Intermountain's strategy for a 'digital workforce'

Health systems at the forefront of digital transformation are using technology to boost the workforce and patient decision-making.

Leaders of the future will eventually look to healthcare as the gold standard in digital transformation, says Craig Richardville, chief digital and information officer of Salt Lake City-based Intermountain Health, but for now the cutting-edge leaders are applying principles from other industries to catch up.

Mr. Richardville, joined the Becker's Healthcare Podcast at the 13th Annual Meeting in April to talk about the big trends in healthcare and how digital transformation is boosting the workforce.

Note: This interview is lightly edited for clarity.

Question: What are you most excited about right now?
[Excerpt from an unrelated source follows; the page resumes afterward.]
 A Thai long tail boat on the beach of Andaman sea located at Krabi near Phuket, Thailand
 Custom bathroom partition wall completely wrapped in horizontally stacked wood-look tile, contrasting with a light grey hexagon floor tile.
Craig Richardville: I'm most excited about the future. We're at a pivot point for the healthcare industry in order to truly shift from being a healthcare delivery system to being more of a technology company that delivers healthcare. As you've seen some of the new entrants and retailers come into play, technology, data and digital are all big parts of how we want to move the industry forward.

Q: What are you spending most of your time on right now?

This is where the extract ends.